Dass lokale Polizist*innen, Politiker*innen und die Mafia gemeinsame Sache machen, ist nicht neu. Jeder in Guerrero weiß das. Daran änderte die Mobilisierung der Armee nichts, die der ehemalige Staatschef Felipe Calderón im Rahmen seines „Krieges gegen die Mafia“ in Gang gesetzt hatte.
Das korrupte Geflecht blieb von der Präsenz der Soldaten unberührt. Nicht anders sieht es aus, seit Peña Nieto vor knapp zwei Jahren die Präsidentschaft übernommen hat. Weiterhin sterben täglich Menschen im „Drogenkrieg“, die Zahl der Verschwundenen nimmt zu. Allein 2013 waren es 3.000, 246 geheime Gräber wurden in Peña Nietos Amtszeit gefunden. Er hat zwar einen Rückzug der Armee angekündigt, davon ist aber in Guerrero nichts zu sehen.

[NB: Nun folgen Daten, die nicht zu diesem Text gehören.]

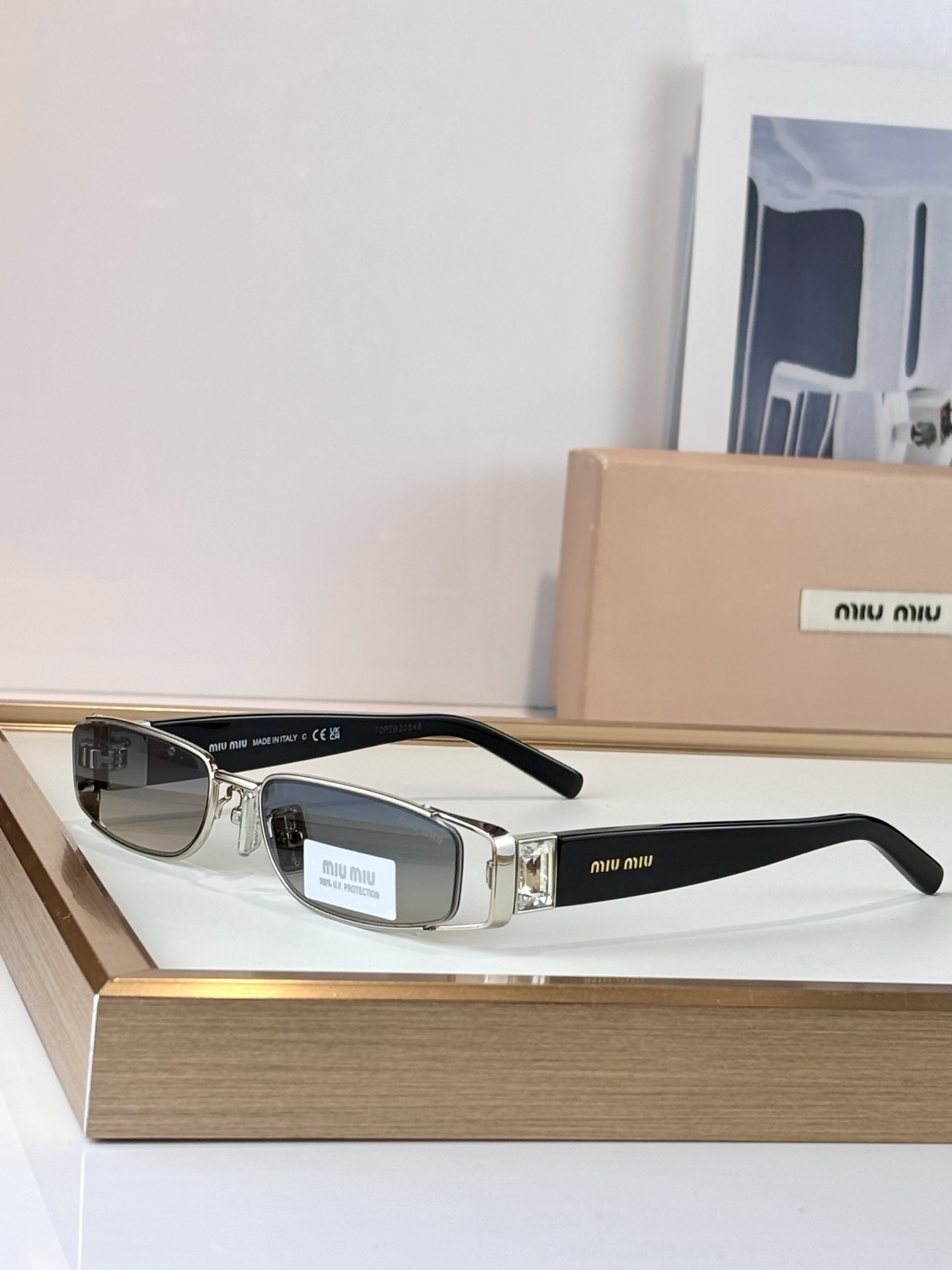 Miu Mi*mod：SMU53FSize:50口17 镶钻复古风充满nerd气的墨镜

Neue Taktik der Kriminellen
Geändert hat sich das Vorgehen der Kriminellen: Früher kämpften die Banden untereinander um Transportrouten und Anbauflächen für Drogen. Inzwischen gehen sie immer stärker gegen die Bevölkerung vor, kassieren Schutzgeld, vergewaltigen Frauen.

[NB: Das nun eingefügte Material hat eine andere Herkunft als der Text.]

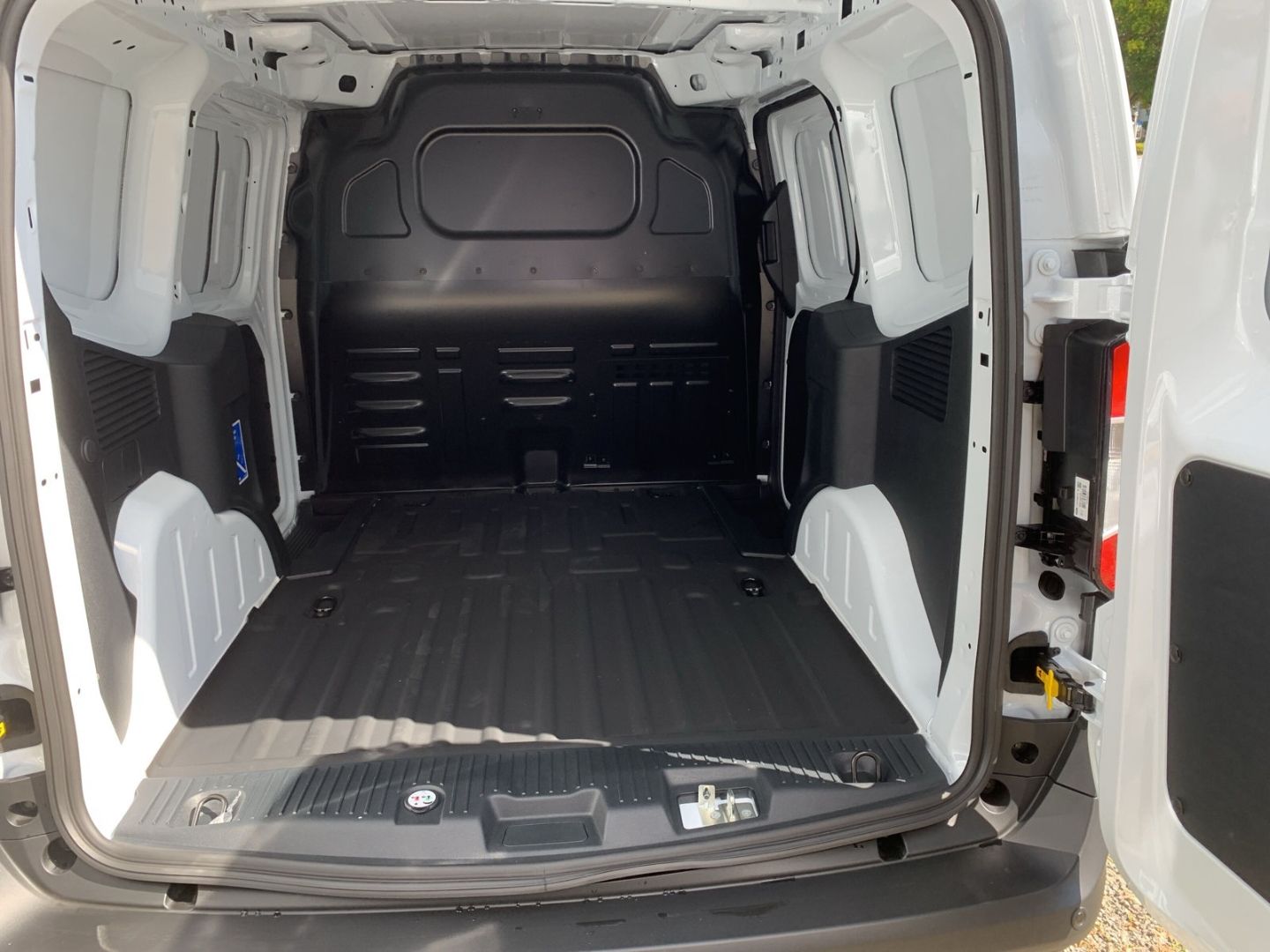 Fahrzeugabbildung Ford Transit Courier Trend 1.0 EcoBoost EU6e LKW,Nutz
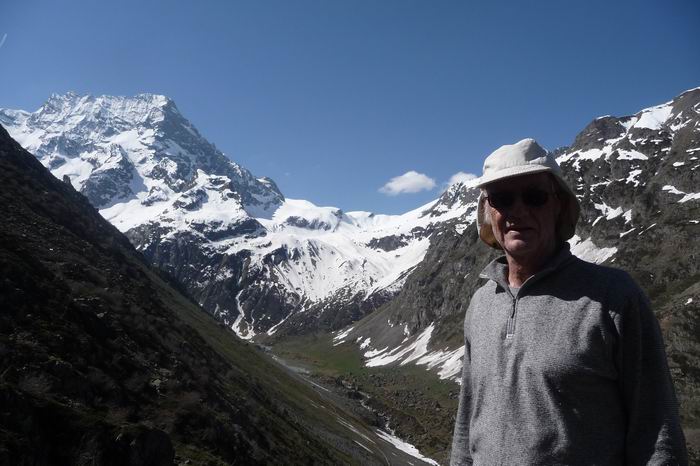 #3 Aupillous : Michel sur le sentier de descente. Aupillous : Michel sur le sentier de descente.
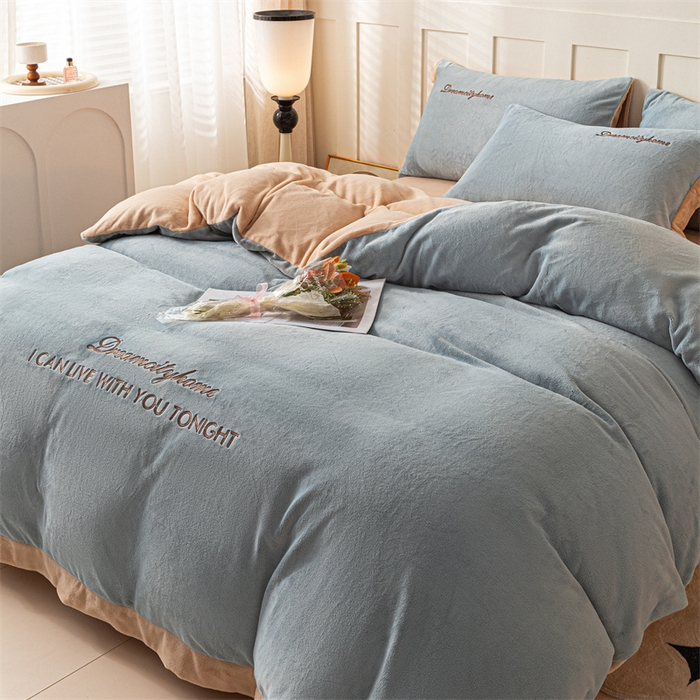 91家纺网 家纺一手货源 找家纺 梦幻之城 2025新款牛奶绒刺绣四件套-安克斯绒C款 安克斯绒-星辰灰+香槟色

Gruppen wie die „Vereinten Krieger“ sind mehr denn je in lokale Geschäfte wie illegalen Holzschlag oder Eisenerzabbau eingebunden. Im Auftrag korrupter Politiker*innen und heimischer Unternehmer*innen greifen sie gezielt Kritiker*innen an. Das verweist auf eine Paramilitarisierung, wie man sie sonst aus Kolumbien kennt.

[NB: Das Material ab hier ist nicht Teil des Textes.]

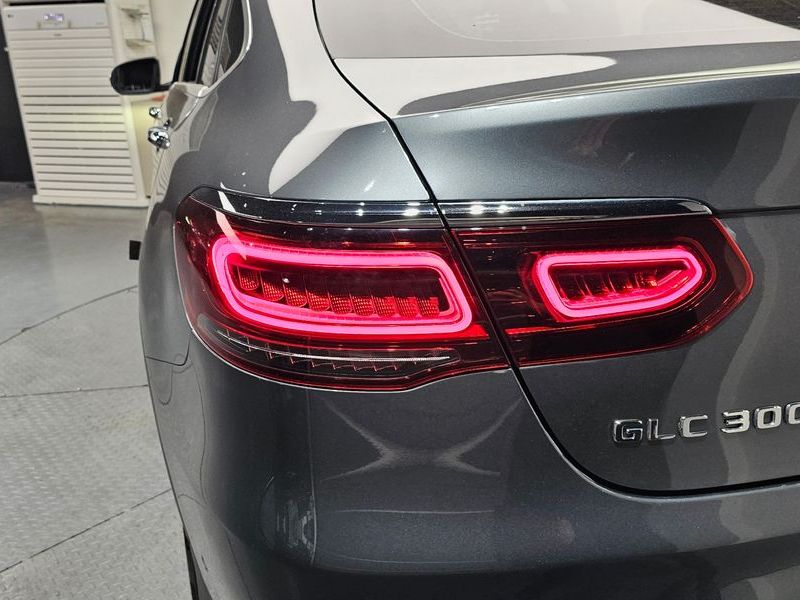 2022 Mercedes-Benz C-Class GLC300e 4MATIC Coupe photo 23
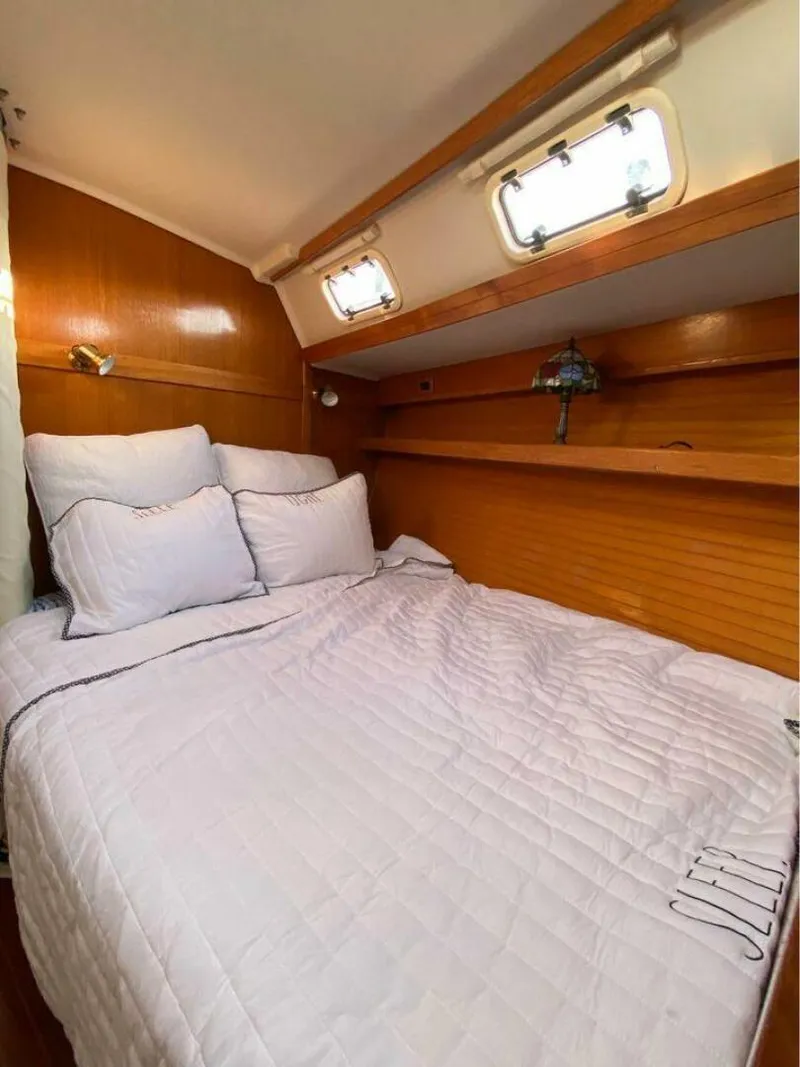 Slide: The Image of Catalina 42 1998 - 5309775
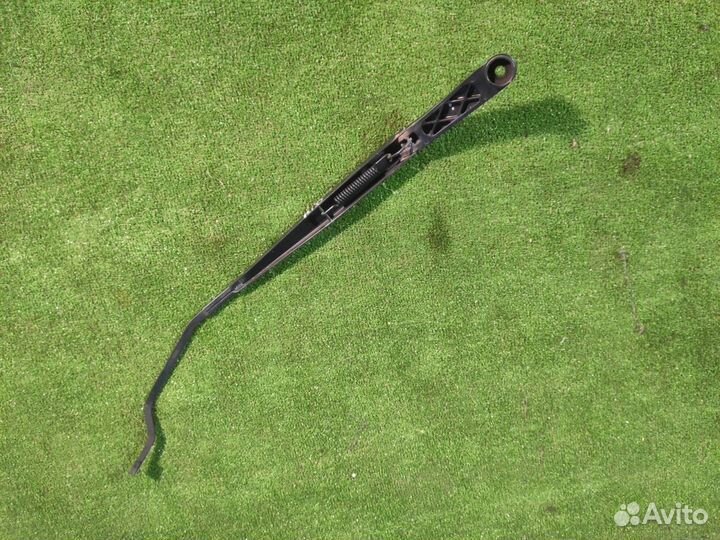 Поводок стеклоочистителя правый Kia Rio 3 седан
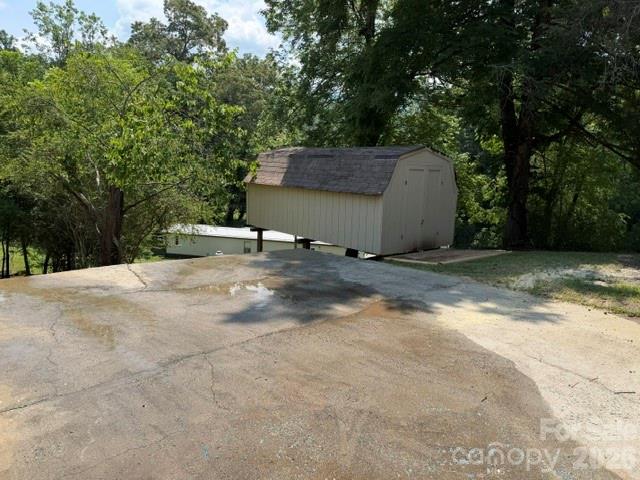 170 Clifton Avenue — Bryson City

Hier ist der Hintergrund für das Massaker zu suchen. Die rebellischen Ayotzinapa-Studenten sind den Mächtigen in der Region lästig. Gilt es, Indigene gegen ein Bergbauprojekt zu verteidigen, sind sie als erste mit dabei. Wird ein linker Aktivist verhaftet, stehen sie auf der Straße. Sie sehen sich in der Tradition der zahlreichen Aufständischen Guerreros. Auch deshalb zeigte die Bundesregierung nie Interesse, das Internat zu erhalten. Immer wieder gab es Versuche, Ayotzinapa zu schließen.
Verhaftung nach Bedarf
Wenn Peña Nieto nun Bundespolizist*innen und Soldaten geschickt hat und lokale Beamte entwaffnen und verhaften ließ, ist das vor allem der großen internationalen Empörung über den Fall geschuldet. Sogar die UNO hatte mehr Initiative gefordert.
Der Staatschef steht unter Druck und muss Erfolge zeigen. In diesem Licht wirft auch die plötzliche Verhaftung zweier tatsächlich wichtiger Drogenbosse Fragen auf. Just heute ging den Fahndern der Capo Vicente Carillo Fuentes ins Netz, vor zehn Tagen erwischte es Héctor Beltrán Leyva. Offensichtlich hängt die Regierung so eng an der Mafia, dass sie je nach Bedarf zuschlagen kann. Oder nicht. Alles ist Verhandlungssache.
Die jüngsten Verhaftungen ändern freilich nichts an der prekären Lage für die Menschen in Guerrero. Mafia-Organisationen sind moderne Unternehmen, jeder ist ersetzbar. Sobald das Rampenlicht erloschen ist, wird sich in der Regierung niemand mehr für die Toten aus Iguala interessieren.
2011 erschossen Polizisten zwei Ayotzinapa-Studenten, bis heute sind die Täter nicht strafrechtlich verfolgt worden. Nur zwei Prozent aller Verbrechen in Mexiko werden aufgeklärt.
Der Krieg geht indes weiter, letztes Jahr wurden allein in Guerrero 2.100 Menschen ermordet. Für die Bevölkerung in dem verarmten Bundesland heißt das: Noch mehr Tote, noch mehr Verschwundene, noch mehr Angst vor den Uniformierten und Kriminellen, die schon jetzt das Straßenbild vieler Dörfer dominieren. Auf Hilfe von Außen werden sie dann wieder vergeblich warten.